In this paper, we propose a multivariate hypergeometric similarity measure for the pairwise comparison of images and data vectors featuring any positive integer number of intensity levels. This is an extension of our previous work on a hypergeometric similarity measure, which was restricted to binary data. Using synthetic data sets, we compared the proposed measure to Pearson correlation, cosine similarity and mutual information in terms of sample rankings, and identified several favorable properties of the proposed measure. Next, we developed a method of piecewise approximation to facilitate the application of this approach to large data sets. Piecewise approximation was tested at several different subsection sizes on synthetic data, and was observed to follow the trend of the exact score. Then, biological MSI data was used to empirically assess functions for combining subsection similarity scores found through piecewise approximation. The proposed similarity measure was demonstrated to be effective in identifying qualitatively similar images in MSI data and breast cancer-related genes in microarray data. For both data types, it made relevant selections which were not identified by other similarity measures in their top selections.

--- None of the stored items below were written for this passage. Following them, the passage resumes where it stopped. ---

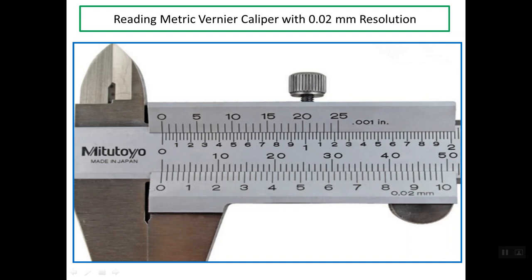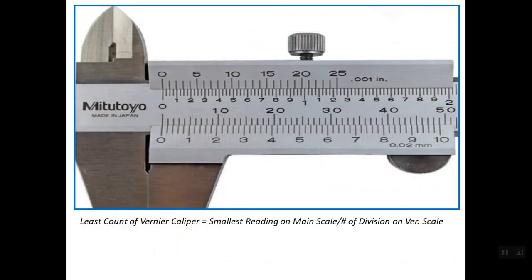As you can see here, we have two scales. The first one is the main scale and the other is the Vernier scale. The value of the least count, or the resolution, or the precision, is already mentioned here. Let's first understand how this value of 0.02 is obtained. We have a simple formula: the least count is the smallest reading on the main scale divided by the number of divisions on the Vernier scale.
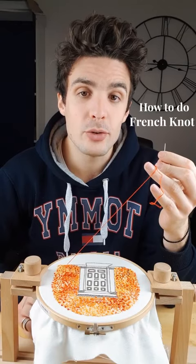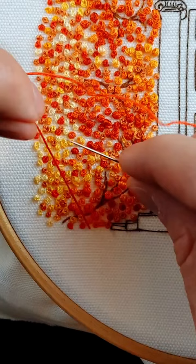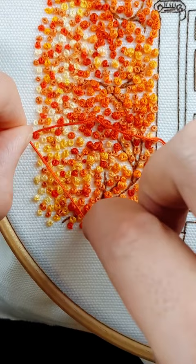How to do a French knot? It is pretty simple. You pull through your thread, you put your needle behind the thread, you do one loop, two loops, and then you put your needle just next to the initial hole.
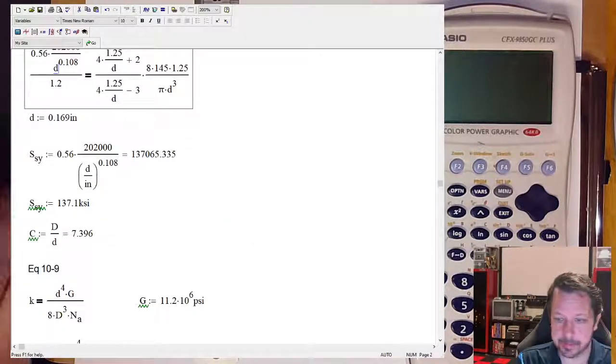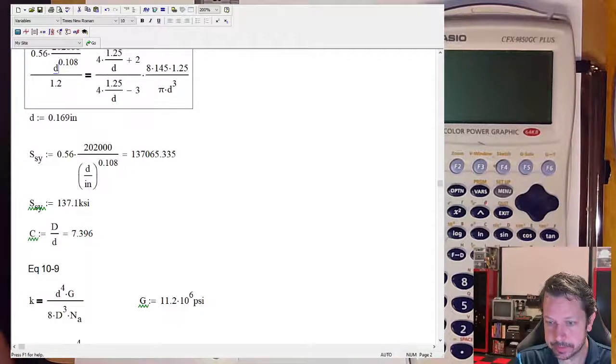Next time we'll look at one more spring topic — basically all other types of springs. We've focused on coil compression springs, but there are also torsional springs and extension springs. We'll put all of those together into one topic next time.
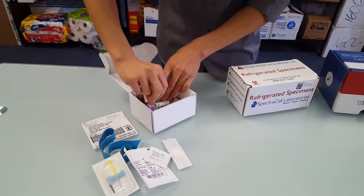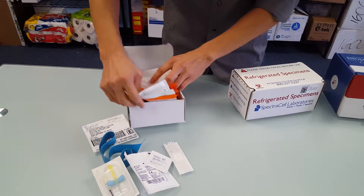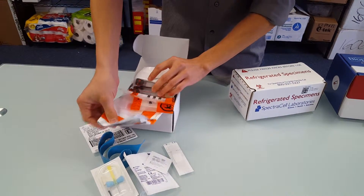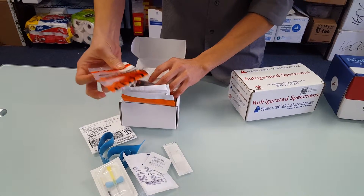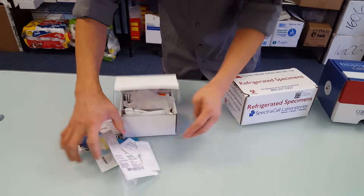An ice pick, there are some additional tubes here as well. Ice bag. Here we have the FedEx bag as well as the biohazard bag. Everything is nicely packed in here.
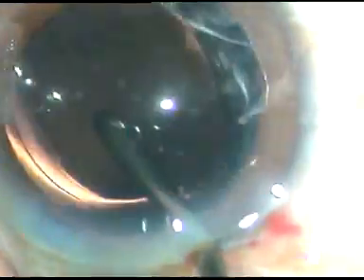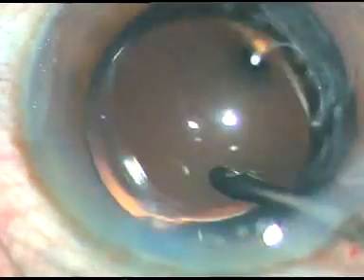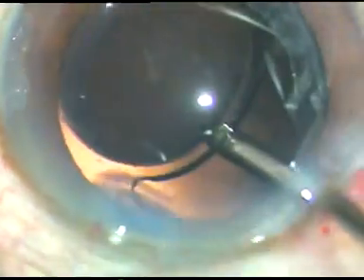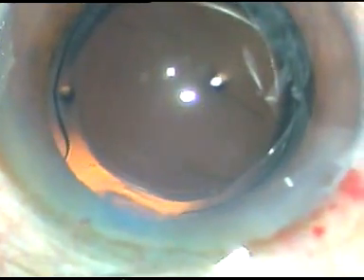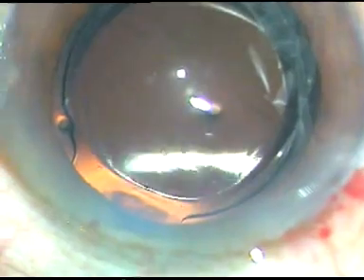And this is the intraocular lens — it has gone into the capsular bag. The lens is now placed nicely in the bag.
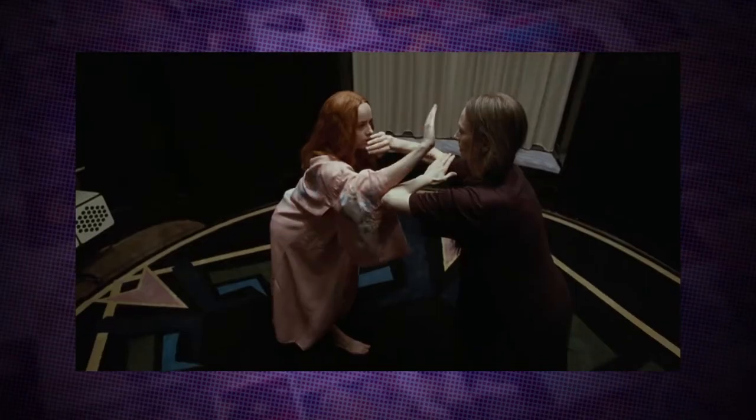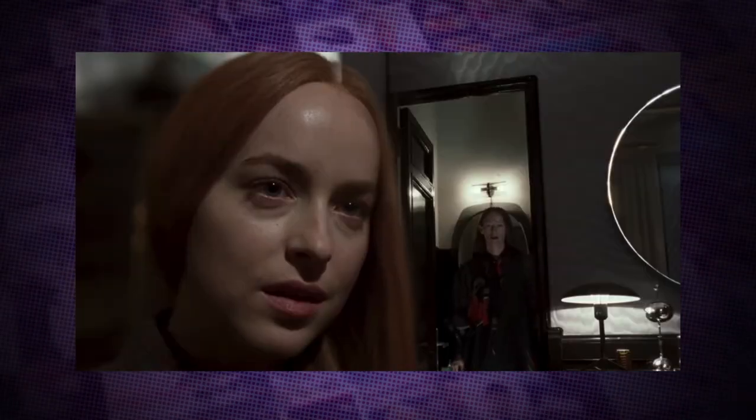There's no denying how striking the visuals are. The original Suspiria is well known for its use of saturated hyper-coloured production design. This is a more muted colour palette, but there are some visuals in here that will stay with you long after you leave the cinema. There's one scene involving a very violent dance number that is already one of the most talked about scenes of the year.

While the current results of this study are encouraging, they also highlight several avenues for further research on the proposed similarity measure. For instance, this approach is defined for any positive integer number of classes, but the results in this study have considered only three classes. Three classes were chosen both for simplicity in examining similarity measure properties and to highlight the difference between the binary case and the multiclass case. Future work will assess the effect of increasing the number of classes. However, as previously noted, the generation of the isomarginal family becomes increasingly demanding as the number of classes increases [18], [19],[20], [21]. Additionally, alternative definitions of the statistic S (k) will be explored. Here, we chose S (k) as the set of diagonal elements of the contingency table. However, it may be desirable to include sub- and superdiagonal terms when larger numbers of classes are considered. The selection of the appropriate number of classes—and of appropriate thresholds for separating classes—is another issue of interest; in this study, the thresholds between classes for the MSI and gene expression data sets were arbitrarily selected. From the perspective of practical biomedical applications, choices of thresholds for a particular data set may be based on examination of descriptive data statistics, or by applying selected tests as a preliminary step [33]. The selection of functions for aggregating subsection scores obtained from piecewise approximation is another area for further study. Six statistics were tested in this study, and many additional functions could be tested. Interestingly, the set of top selections for MSI data using the mean and kurtosis were not identical, indicating that it may be useful to consider which combination functions may be complimentary.

A notable constraint is that the molecular identities of the m/z values are not known for the MSI data set investigated here; future testing on labeled (MS/MS) data will enable biological interpretation of similarity measure performances for MSI data, similar to what was done for the microarray data. In addition, only one MSI and one microarray data set have been investigated here; implementation on multiple data sets will provide another key measure of performance. Finally, this paper focuses on the application to MSI and gene expression data, but the proposed similarity measure could also be applied to other types of biological data. Future work will also examine the performance of the proposed multivariate hypergeometric similarity measure for detecting patterns in other types of large-scale biological data sets, with which other similarity measures like mutual information, cosine similarity, and Pearson correlation are currently used.

Acknowledgments

This research was supported by grants from the Parker H. Petit Institute for Bioengineering and Bioscience, Johnson & Johnson, the Bio Imaging Mass Spectrometry Initiative at Georgia Tech, the US National Institutes of Health (Bioengineering Research Partnership R01CA108468, Center for Cancer Nanotechnology Excellence U54CA119338), the Georgia Cancer Coalition (Distinguished Cancer Scholar Award to MDW), Microsoft Research, and the US National Science Foundation (GRFP to CK). The authors would like to thank Drs. M. Cameron Sullards and Yanfeng Chen for sharing the MSI data set used in this study and Dr. John H. Phan for assistance with the gene expression data used in this study.

Contributor Information

Chanchala D. Kaddi, Email: gtg538v@mail.gatech.edu, Department of Biomedical Engineering, Georgia Institute of Technology, Atlanta, GA 30332.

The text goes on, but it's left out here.